This has fuelled a growing preference for “personalised” information – and transformed the media’s competitive strategies. In this environment, neutral reporting doesn’t attract as much attention as inflammatory or ideologically driven reporting, especially if the latter is algorithmically targeted at those who are primed to embrace it.

The media’s role in establishing a common factual basis has thus increasingly gone by the wayside – and, with it, the strategy of appealing to the median voter.

As the US media embraced increasingly biased, targeted strategies, deep polarisation became all but inevitable. This, together with US politicians’ new incentives to appeal to the ideological extremes, has torn at the fabric of American society, fuelling instability and conflict, hampering leaders’ ability to address urgent challenges, and undermining America’s position of global leadership.

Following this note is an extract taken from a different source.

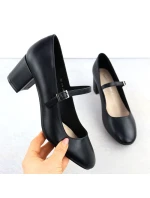 Čierne lodičky Sergio Leone na nízkom podpätku s remienkom PB176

China has largely avoided this pitfall of modern technology, though not without cost and criticism, by controlling extreme online speech and limiting populist attacks on mainstream values. But it has not avoided America’s media-fuelled ire. In a matter of just a few years, the US-China relationship has regressed significantly, and the global free trade system has been pushed to the brink of collapse.

As Kissinger made clear, the difficulty of restoring Sino-American relations should not deter leaders from trying. On the contrary, it demands that both sides make “ever more intensive efforts” to work together. For the US, however, that work must begin at home. The real threat to the US is not from rising China, but from its inability to meet the challenges of modern technology.